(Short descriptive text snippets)
· · · · · · ·

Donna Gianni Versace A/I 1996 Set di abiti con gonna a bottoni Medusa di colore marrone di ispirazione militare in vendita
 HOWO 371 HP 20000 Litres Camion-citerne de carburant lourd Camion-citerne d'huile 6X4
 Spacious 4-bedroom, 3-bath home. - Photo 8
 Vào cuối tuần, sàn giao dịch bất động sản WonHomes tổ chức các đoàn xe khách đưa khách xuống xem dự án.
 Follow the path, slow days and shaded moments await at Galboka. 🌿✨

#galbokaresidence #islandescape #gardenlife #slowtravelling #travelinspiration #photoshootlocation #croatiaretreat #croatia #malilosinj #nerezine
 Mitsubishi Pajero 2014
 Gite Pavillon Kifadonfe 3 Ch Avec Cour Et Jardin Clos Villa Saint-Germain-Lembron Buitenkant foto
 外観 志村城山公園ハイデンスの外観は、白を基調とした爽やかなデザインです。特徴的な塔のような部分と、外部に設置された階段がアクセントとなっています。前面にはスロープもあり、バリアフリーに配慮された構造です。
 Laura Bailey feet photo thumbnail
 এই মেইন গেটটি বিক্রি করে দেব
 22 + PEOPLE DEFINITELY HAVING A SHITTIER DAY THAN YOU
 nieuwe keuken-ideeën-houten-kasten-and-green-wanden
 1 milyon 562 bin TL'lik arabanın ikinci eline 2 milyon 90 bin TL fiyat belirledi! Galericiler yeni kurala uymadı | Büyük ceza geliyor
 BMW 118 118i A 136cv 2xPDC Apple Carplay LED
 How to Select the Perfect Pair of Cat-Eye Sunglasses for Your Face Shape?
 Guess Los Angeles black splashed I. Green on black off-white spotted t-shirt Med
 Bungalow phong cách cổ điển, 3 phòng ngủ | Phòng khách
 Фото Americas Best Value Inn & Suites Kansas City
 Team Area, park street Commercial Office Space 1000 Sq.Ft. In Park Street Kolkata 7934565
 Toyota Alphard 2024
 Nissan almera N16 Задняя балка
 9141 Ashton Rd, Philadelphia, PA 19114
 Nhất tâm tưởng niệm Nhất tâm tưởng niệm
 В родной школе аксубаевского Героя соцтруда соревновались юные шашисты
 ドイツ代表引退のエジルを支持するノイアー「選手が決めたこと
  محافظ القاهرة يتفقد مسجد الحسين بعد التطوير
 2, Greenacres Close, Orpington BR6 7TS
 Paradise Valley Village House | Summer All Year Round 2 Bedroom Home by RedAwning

· · · · · · ·

▶ _Task goal_
Working from the records above, write out verbatim only the lines from the line containing "外観 志村城山公園ハイデンス" through the line containing "nieuwe keuken-ideeën".

▶ _Exercise output_
 外観 志村城山公園ハイデンスの外観は、白を基調とした爽やかなデザインです。特徴的な塔のような部分と、外部に設置された階段がアクセントとなっています。前面にはスロープもあり、バリアフリーに配慮された構造です。
 Laura Bailey feet photo thumbnail
 এই মেইন গেটটি বিক্রি করে দেব
 22 + PEOPLE DEFINITELY HAVING A SHITTIER DAY THAN YOU
 nieuwe keuken-ideeën-houten-kasten-and-green-wanden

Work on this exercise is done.